## YOUR ASSIGNMENT
Repeat only the lines below from the one that contains "Nuevo Con Etiquetas" through the final line, exactly. Omit pictures.
::: SUPPLIED MATERIAL :::
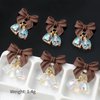 6 Pcs Christmas Nail Charms Xmas 3D Resin Nail Charms Brown Bow with Aurora Bell Designs Nail Charms for Acrylic Nails Bell Nail Art Charms for Women DIY Winter Nail Art Decorations Crafts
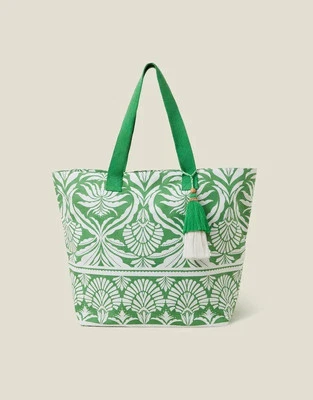 Nuevo Con Etiquetas Monzón Accesorio Estampado Verde Bolso Shopper Bolso de Playa Foto 1 de 4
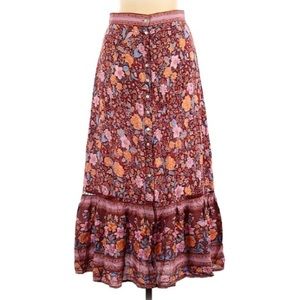 NWT BOUTIQUE floral midi skirt button front boho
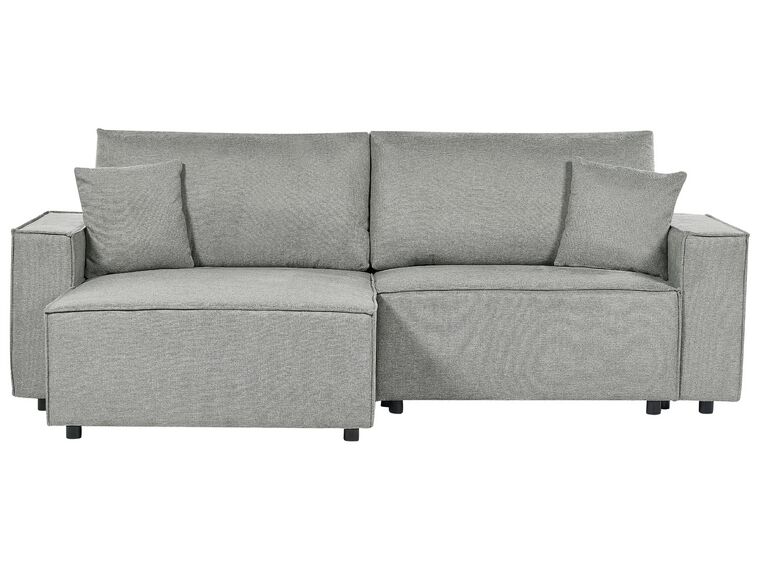 Canapé d'angle à droite en tissu gris avec rangement KARILA_886069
:::
## RESPONSE TO THE EXERCISE
 Nuevo Con Etiquetas Monzón Accesorio Estampado Verde Bolso Shopper Bolso de Playa Foto 1 de 4
 NWT BOUTIQUE floral midi skirt button front boho
 Canapé d'angle à droite en tissu gris avec rangement KARILA_886069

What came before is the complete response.